Don Siegel was in his element with 'Edge of Eternity.' Working from a screenplay by Marion Hargrove (writing as Knut Swenson) and Richard Collins, Siegel deftly crafts a no-frills thriller that never fails to entertain. It's a simple and easy detective yarn that takes on a big landscape being shot in and around the Grand Canyon that leads to a high-wire thrilling climax. The film never feels the need to over complicate things or overstay its welcome. It's a popcorn thriller. The kind of movie where you've finished your bucket of buttery goodness inside the first twenty minutes and forces you to keep going back to the kitchen for more. It's just pure entertainment from start to finish.
The Blu-ray: Vital Disc Stats
'Edge of Eternity' arrives on Blu-ray courtesy of Twilight Time and is limited to a run of 3,000 copies. Pressed onto a Region Free BD-25 disc, the disc is housed in a standard sturdy clear Blu-ray case. The disc loads to a static image main menu featuring traditional navigation options. Also included is a booklet containing stills from the film and a terrific essay from film historian Julie Kirgo.
'Edge of Eternity' arrives with a strong 2.35:1 1080p transfer. Shot in Cinemascope, this transfer does exhibit many of the same weaknesses of other Cinemascope transfers where optical effects tend to be a bit softer with a heavier grain field. Thankfully those sequences don't distract from everything this beautiful film has to offer. Wide shots and middles tend to look the best - especially the numerous vista shots of the Grand Canyon that show the expanse and depth of the landmark. The big climax moment is a real stunner during the wide shots. Details are wonderfully rendered allowing full appreciation of facial features and costuming details, as well as the impressive scenery. Colors tend to skew towards the warmer golden tones, but primaries allow for plenty of that bright natural pop you want to see from deep blue skies and vivid reds. Skin tones are tanned and healthy throughout. The source elements for this transfer were in terrific shape as there doesn't appear to be any age-related wear and tear of note. All around this is a beauty of a transfer that offers up some terrific scenery for a tight little thriller like this.
'Edge of Eternity' gets a lot of mileage out of its English DTS-HD MA 1.0 mono audio track. Dialogue is presented cleanly and clearly without any distortion or interference. Sound effects also come through with a nice natural presence featuring the right amount of echo and spacing one would expect to hear at a desert location such as this. The score by Daniele Amfitheatrof is nicely layered into the mix without overpowering the proceedings until the big action moments where it packs a hell of a punch.

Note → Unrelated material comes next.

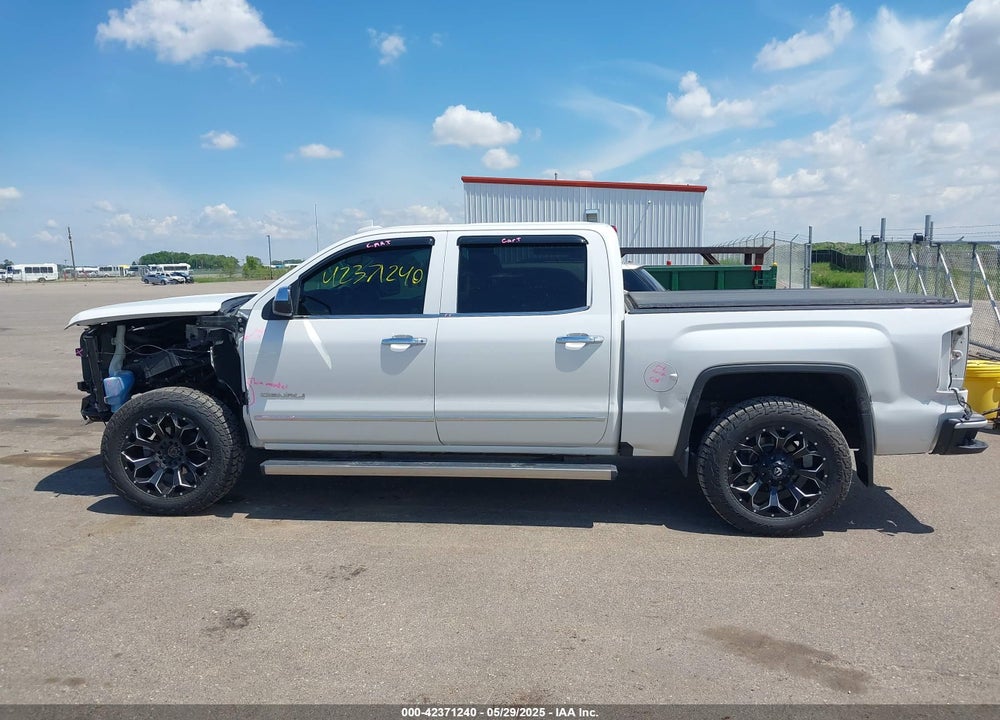2017 GMC SIERRA VIN: 3GTU2PEJ5HG162946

Imaging is fairly restrained, even when the action picks up the audio is still a very front/center sort of affair as the film plays things more conversationally saving the bulk of the action for the big climax. Levels are set just right so once you have it at a comfortable volume, you should be good to go.
Audio Commentary: Film Historians Nick Redman and C. Courtney Joyner provide a solid commentary track highlighting the film's production bits and bobs but also discussing Siegel's impressive career.
It's nice to see a movie that didn't overstuff the goose. 'Edge of Eternity' may be tight, lean, and mean without a lot of complexities, but in the hands of director Don Siegel, the flick is an exciting winner. Twilight Time has done a great job bringing this film to Blu-ray sporting a terrific A/V presentation. Bonus features may be slim, but the commentary by Redman and Joyner is top notch and there's nothing quite like listening to an isolated score track. Don Siegel devotees will absolutely want to add this one to the collection. Newcomers should get a lot of enjoyment out of it. Recommended.